This Day in Labor History: March 15, 1940. John Ford’s film version of John Steinbeck’s The Grapes of Wrath, was released to universal acclaim. This was perhaps the greatest moment of the cultural left during the Great Depression. Let's talk about it!
Of all the New Deal-era art that broadly made up the Popular Front, none were more well-remembered and beloved than the book and film versions of The Grapes of Wrath, despite and possibly because neither Ford nor Steinbeck was closely associated with that movement.
Steinbeck’s powerful 1939 novel was a sensation. Its tale of the Joads and their bitter journey from Oklahoma to California in search of work and a new life was a huge hit.

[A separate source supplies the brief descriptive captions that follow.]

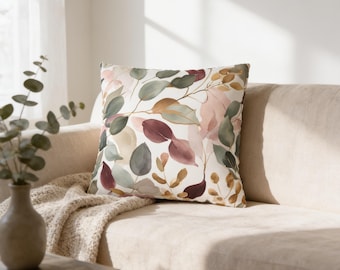 Funda de cojín con diseño floral abstracto, color malva, rosa ruborizado, verde salvia, beige y blanco, con detalles botánicos de acuarela, ideal para sala de estar y dormitorio.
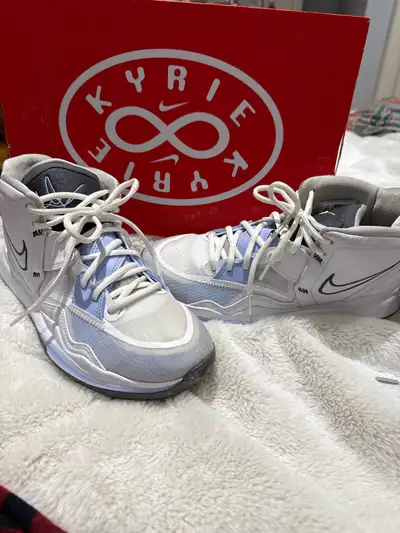 Men’s 8.5 Women’s 10 Kyrie infinity basketball shoes in excellent like new condition worn once
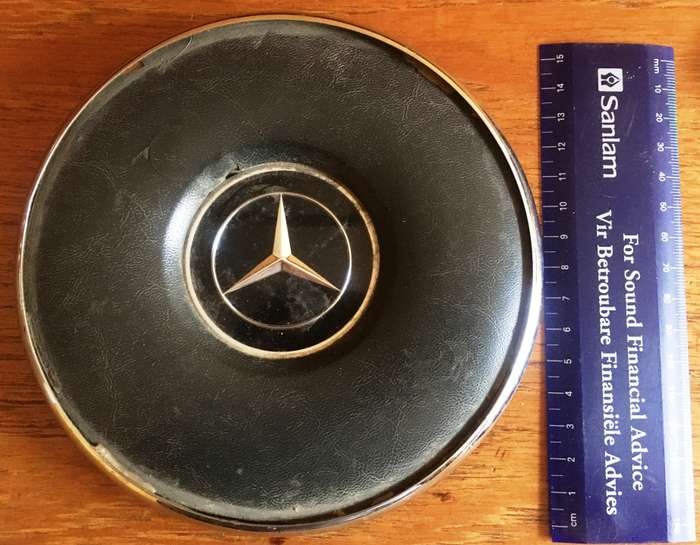 Mercedes Benz Hooter Emblem Plastic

Produced at the tail end of the worst economic crisis in American history, it galvanized attention on the plight of the so-called Okies, even if it didn’t lead to any policy to alleviate their problems.
This despite the fact that the book and the film both played up the Resettlement Administration camp that treated people decently, with the film even going into a closeup on the RA logo.
The plight of white migrants to California had received a good bit of attention from artists, most notably in the photographs of Dorothea Lange.
These migrants were more victims of New Deal farm policy that encouraged consolidation and industrial farming than the Dust Bowl, as most, including the fictional Joads, originated well east of the Dust Bowl.
They were part of the national crisis of the Great Depression, which led to a lot of hand-wringing, no shortage of fear, and a belated and relatively small government response to provide relief for these small farmers
The Grapes of Wrath focused national attention on their plight, especially with the release of the film.
John Ford was a brilliant choice to direct the film adaptation.
Although today best known for his often racist westerns, he was more of a broad believer in a salt of the earth white populism that simply assumed a Turnerian view of history (which was almost ubiquitous during the New Deal among intellectuals, politicians, and artists).
Henry Fonda as Tom Joad was classic casting. With his flat Midwestern accent and good looks, he personified the prototype of the All-American young man, an image he would build upon for his entire career (and play against type in Once Upon a Time in the West, 28 years later)
His ideological transformation from rough and tumble Oklahoma white to organizer and lefty is a story of what happens to people when they are beaten down enough. Sure, grandpa dies, the brother-in-law runs away, and the family falls apart.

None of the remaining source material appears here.